核兵器時代と世界平和論
第二次世界大戦におけるアメリカによる原子爆弾投下については、現在に至るまで世界中で賛否両論が続いております。
一方では戦争終結を早めたという評価があり、他方では大量の民間人を巻き込んだ非人道的行為であったという評価もあります。
私は、この問題について結論を急ぐのではなく、人類文明全体の視点から考察することが重要であると考えています。
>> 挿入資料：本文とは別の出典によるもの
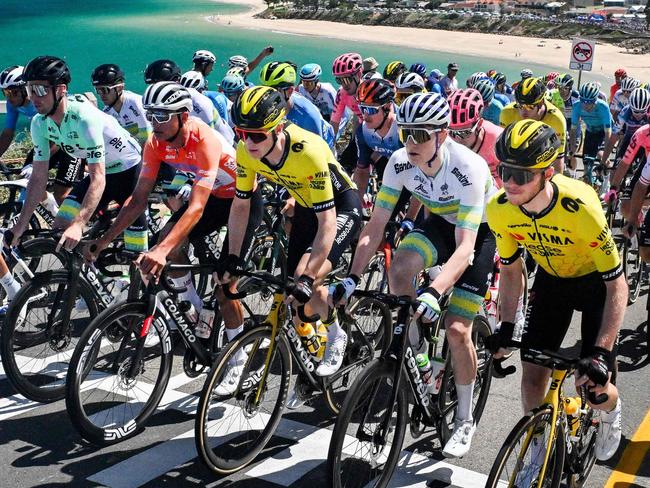 The peloton rides through the Fleurieu peninsula during the fifth stage of the Tour Down Under cycling race in Adelaide on January 20, 2024. (Photo by Brenton EDWARDS / AFP) / -- IMAGE RESTRICTED TO EDITORIAL USE - STRICTLY NO COMMERCIAL USE --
ノーベル賞の創設者であるアルフレッド・ノーベルは、自ら発明したダイナマイトの破壊力を通じて、「より強大な兵器が存在すれば、人類は戦争そのものを避けるようになるのではないか」という趣旨の考えを抱いていたと言われています。
この考え方は、後に「抑止力」という概念にも通じるものがあります。
第二次世界大戦後、アメリカ、旧ソ連をはじめとする核保有国は、長年にわたり核兵器の開発・配備・核実験を続けてきました。
その結果、人類は地球規模で甚大な被害をもたらし得る核兵器を保有する時代へと入りました。
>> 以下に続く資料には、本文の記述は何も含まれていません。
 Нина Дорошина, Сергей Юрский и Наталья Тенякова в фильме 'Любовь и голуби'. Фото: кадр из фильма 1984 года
仮に核戦争が全面的に行われた場合、人類文明だけではなく、多くの生物に極めて深刻な影響を及ぼす可能性があることは、多くの専門家も指摘しています。
人類が合理的な判断を行う存在であるならば、自らの文明そのものを滅ぼす選択を望むことはないでしょう。
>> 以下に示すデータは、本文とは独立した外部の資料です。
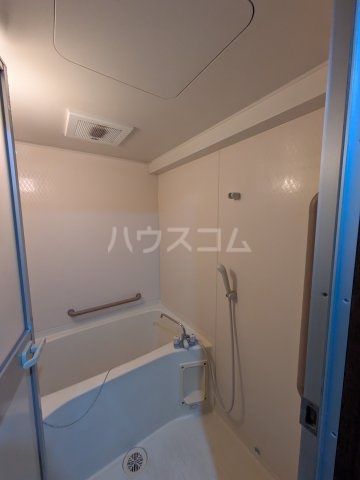 13/28 浴室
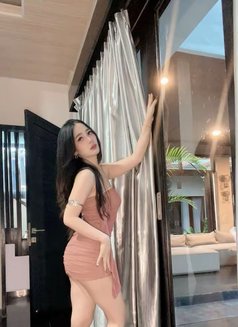 Cindy - escort in Bali Photo 2 of 6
文明を築くことに数千年を要した人類が、自らそれを破壊し、生命の存在しない世界へ戻ることを選択するとは考えにくいのであります。
ここから先は、私自身の一つの推論であります。
読者の皆様には、一つの仮説としてお読みいただき、それぞれの立場からご検討いただければ幸いです。
1980年代、世界は米ソ冷戦の最終局面を迎えました。
核戦力は極限まで拡大し、世界は緊張状態の頂点に達します。
しかし、その後、米ソ首脳会談などを通じて緊張緩和が進み、冷戦は終結へ向かいました。
私は、この歴史的転換の背景には、「核兵器によって勝者は存在し得ない」という文明的認識が共有され始めたことがあったのではないかと推察しています。
また、社会主義計画経済が経済的限界に達したことも、国際秩序を大きく変化させる契機になったと考えています。
このような視点から、私は核抑止体制も時代とともに変化してきた可能性があると推論しています。
もっとも、この点については公表された資料だけでは十分に検証することはできず、あくまで私自身の仮説にすぎません。
重要なのは、その仮説の真偽ではありません。
核兵器の存在そのものが、「実際に使用する兵器」ではなく、「使用できない兵器」へと歴史的に変化してきたという点であります。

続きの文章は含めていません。